**GIVEN RECORDS:**
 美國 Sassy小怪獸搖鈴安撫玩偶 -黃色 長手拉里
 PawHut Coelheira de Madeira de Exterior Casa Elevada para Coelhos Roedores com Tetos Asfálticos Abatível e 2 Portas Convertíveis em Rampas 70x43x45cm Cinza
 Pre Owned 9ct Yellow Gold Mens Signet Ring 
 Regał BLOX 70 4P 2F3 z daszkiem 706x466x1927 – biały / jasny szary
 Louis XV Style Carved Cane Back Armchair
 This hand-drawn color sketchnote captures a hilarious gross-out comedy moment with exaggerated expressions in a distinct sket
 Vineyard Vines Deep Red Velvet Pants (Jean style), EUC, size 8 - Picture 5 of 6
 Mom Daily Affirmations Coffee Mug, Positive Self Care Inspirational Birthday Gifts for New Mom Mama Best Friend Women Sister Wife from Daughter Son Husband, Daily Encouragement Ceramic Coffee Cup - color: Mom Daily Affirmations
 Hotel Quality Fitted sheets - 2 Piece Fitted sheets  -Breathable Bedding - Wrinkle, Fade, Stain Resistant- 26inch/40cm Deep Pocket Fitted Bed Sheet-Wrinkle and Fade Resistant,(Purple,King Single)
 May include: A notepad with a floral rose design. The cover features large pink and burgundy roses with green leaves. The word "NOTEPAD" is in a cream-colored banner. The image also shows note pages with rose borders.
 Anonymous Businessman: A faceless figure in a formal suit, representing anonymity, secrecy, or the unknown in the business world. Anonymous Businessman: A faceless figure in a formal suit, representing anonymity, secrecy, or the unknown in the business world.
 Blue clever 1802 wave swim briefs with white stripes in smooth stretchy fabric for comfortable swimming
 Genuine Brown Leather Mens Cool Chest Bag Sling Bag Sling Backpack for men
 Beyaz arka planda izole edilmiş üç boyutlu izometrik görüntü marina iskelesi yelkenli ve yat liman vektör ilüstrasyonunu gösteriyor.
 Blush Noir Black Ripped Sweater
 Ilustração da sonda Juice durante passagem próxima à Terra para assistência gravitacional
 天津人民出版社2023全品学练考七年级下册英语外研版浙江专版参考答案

**WORK INSTRUCTION:**
Please return all lines in the material above that include the word "Mens".

**ANSWER TO THIS PROBLEM:**
 Pre Owned 9ct Yellow Gold Mens Signet Ring 
 Genuine Brown Leather Mens Cool Chest Bag Sling Bag Sling Backpack for men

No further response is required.